This past Friday, President Barack Obama and Chinese President Xi Jinping announced that the United States and China had reached a “common understanding” to fight state-sponsored, corporate cyber espionage between the countries.
During a joint press conference, President Obama said that “neither the U.S. nor the Chinese government will conduct or knowingly support cyber theft of intellectual property, including trade secrets or other confidential business information for commercial advantage.” President Jinping added that “both governments will not engage in or support online theft of intellectual property.”
U.S. Attorney General Loretta Lynch and Secretary of Homeland Security Jeh Johnson released a joint statement that outlines the U.S. government’s position on the U.S.-China agreement.

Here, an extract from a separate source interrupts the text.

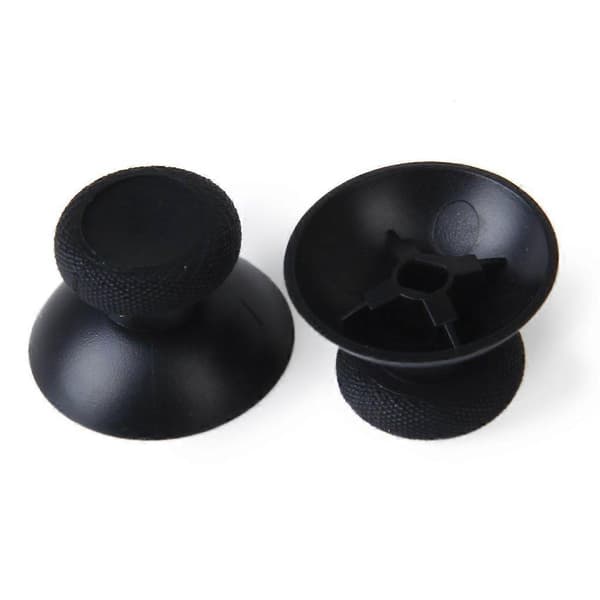 1 par Thumbstick Joystick erstatning for Svart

According to the joint statement, the respective governments agreed to, among other things, “increase law enforcement communications regarding malicious cyber activities” and “provide timely responses to requests for information and assistance concerning those activities.” To support these commitments, the countries agreed to “establish a high-level joint dialogue mechanism on cybercrime and related issues” including a “hotline” to address urgent instances of cyber theft of intellectual property. General Lynch and Secretary Johnson will co-chair the joint dialogue on behalf of the U.S., while China will designate an official at the Ministerial level “to lead representatives from the Ministry of Public Security, Ministry of State Security, Ministry of Justice and the State Internet and Information Office.”
The announcement was met with a healthy degree of skepticism given the abundance of evidence that Chinese entities have been involved for many years in coordinated theft of intellectual property and the loss of billions of dollars in value to domestic corporations. Whether the newly-established joint dialogue between the nations reigns in theft of corporate trade secrets will be a question for practitioners to examine as the dialogue comes “online” in the coming months.